**What to work on**
Your output should be the complete listing, word for word, with no pictures in it.

━━━ Available data

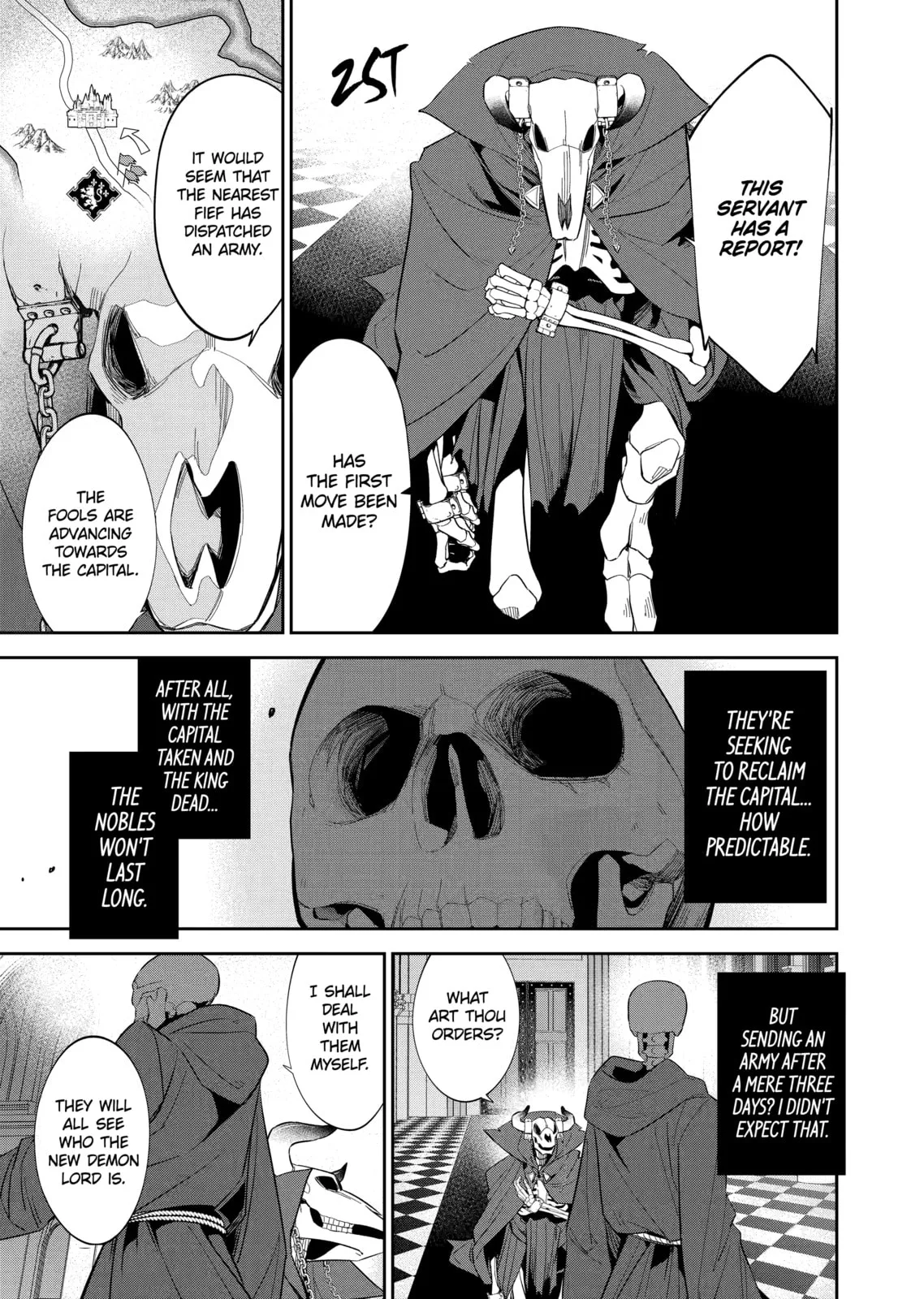 The Executed Sage Who Was Reincarnated as a Lich and Started an All-Out War, chapter 4, page 33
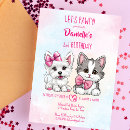 Search for kitty party invitations Pastel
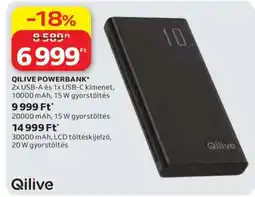 Auchan QILIVE POWERBANK ajánlat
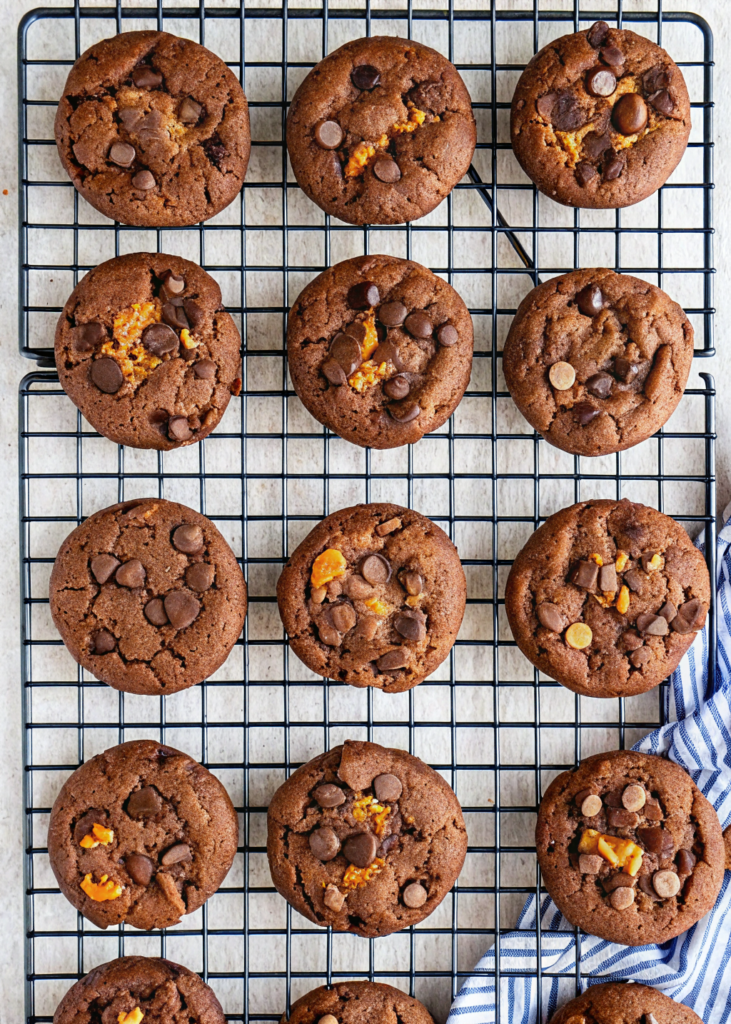 Chocolate Orange Cookies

━━━━━━

**Answer below**
 The Executed Sage Who Was Reincarnated as a Lich and Started an All-Out War, chapter 4, page 33
 Search for kitty party invitations Pastel
 Auchan QILIVE POWERBANK ajánlat
 Chocolate Orange Cookies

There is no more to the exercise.